Once the neighborhoods have been defined, I will dig deeper into the characteristics
of each point of interest, and attempt to understand what major amenities define each
neighborhood.


## Libraries

To implement the investigation of the neighborhoods in Stamford, CT, the following Python
libraries and web services will be used:
- Numpy and Pandas (for data analysis)
- GeoPy (for location services)
- Requests (to request data from web services, such as FourSquare)
- Matplotlib (for plotting)
- Sklearn (for machine learning, such as clustering algorithms)
- Folium (to create maps)
- Shapely (to deal with mapping geometry)
- FourSquare (to provide data on points of interest)

### Setup

First we download all the dependencies that we will need.

In [1]:
import numpy as np

import pandas as pd
pd.set_option('display.max_columns', None)
pd.set_option('display.max_rows', None)

import math
import json

from geopy.geocoders import Nominatim # convert an address into latitude and longitude values

import requests
from pandas import json_normalize # transform JSON file into a pandas dataframe (was pandas.io.json)

# Matplotlib and associated plotting modules
import matplotlib.cm as cm
import matplotlib.colors as colors

# import k-means from clustering stage
from sklearn.cluster import KMeans

import folium # map rendering library

from shapely.geometry import shape, GeometryCollection, Point, Polygon
import shapely

print('Libraries imported.')

Libraries imported.


#### Use geopy library to get the latitude and longitude values of Stamford, CT.

In order to define an instance of the geocoder, we need to define a user_agent. We will name our agent <em>geo_explorer</em>, as shown below.

In [2]:
address = 'Stamford, CT'

geolocator = Nominatim(user_agent="geo_explorer")
location = geolocator.geocode(address)
latitude = location.latitude
longitude = location.longitude
print('The geographical coordinates of Stamford, CT are {}, {}.'.format(latitude, longitude))

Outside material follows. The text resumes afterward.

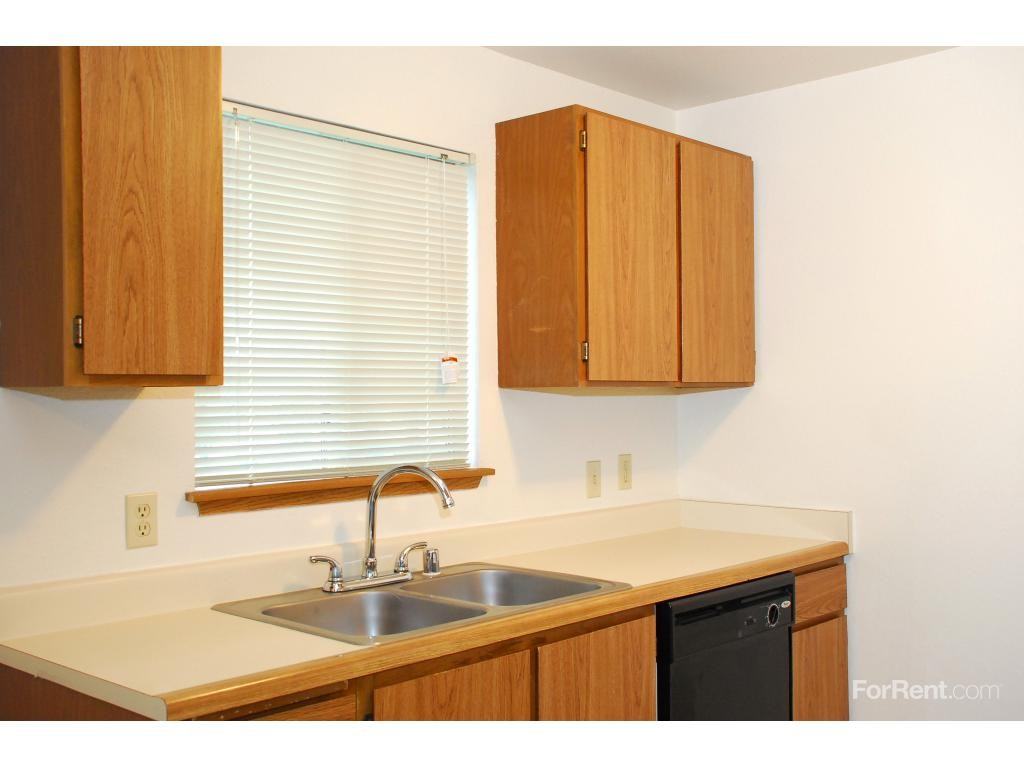 Sherwood Glen Apartments 1221 Evergreen Park Dr SW, Olympia, WA 98502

The geographical coordinates of Stamford, CT are 41.0534302, -73.5387341.


#### Create a map of Stamford with neighborhoods superimposed on top.

In [5]:
map_stamford_empty = folium.Map(location=[latitude, longitude], zoom_start=7)

state_geo_file = 'Connecticut.geojson'
city_geo_file = 'StamfordCT.geojson'

def geo_style_state(feature):
    return {
        # Border (weight is pixels); Also: stroke (bool to disable), lineCap, lineJoin, dashArray, dashOffset
        'color': '#000000', 'weight': 1.2, 'opacity': 0.2,
        # Fill; Also: fill (bool to disable), fillRule (determines inside of shape), bubblingMouseEvents
        'fillColor': '#0000ff', 'fillOpacity': 0.05
    }
def geo_highlight_state(feature):
    return {
        'fillOpacity': 0.1
    }

def geo_style_stamford(feature):
    return {
        'fillOpacity': 0.2, 'weight': 1.6, 'fillColor': '#00cc00'
    }

def geo_highlight_stamford(feature):
    return {
        'fillOpacity': 0.08
    }

def geo_style_rect(feature):
    return {
        'fillOpacity': 0, 'weight': 1.2, 'fillColor': '#00cccc'
    }

# Add overlay to show where city is
geo_ct = folium.GeoJson(state_geo_file, name='Connecticut', style_function=geo_style_state,
              highlight_function=geo_highlight_state, # tooltip="Connecticut",
              overlay=True, control=True, show=True).add_to(map_stamford_empty)
geo = folium.GeoJson(city_geo_file, name='Stamford, CT', style_function=geo_style_stamford,
              highlight_function=geo_highlight_stamford, tooltip="Stamford, CT",
              overlay=True, control=True, show=True).add_to(map_stamford_empty)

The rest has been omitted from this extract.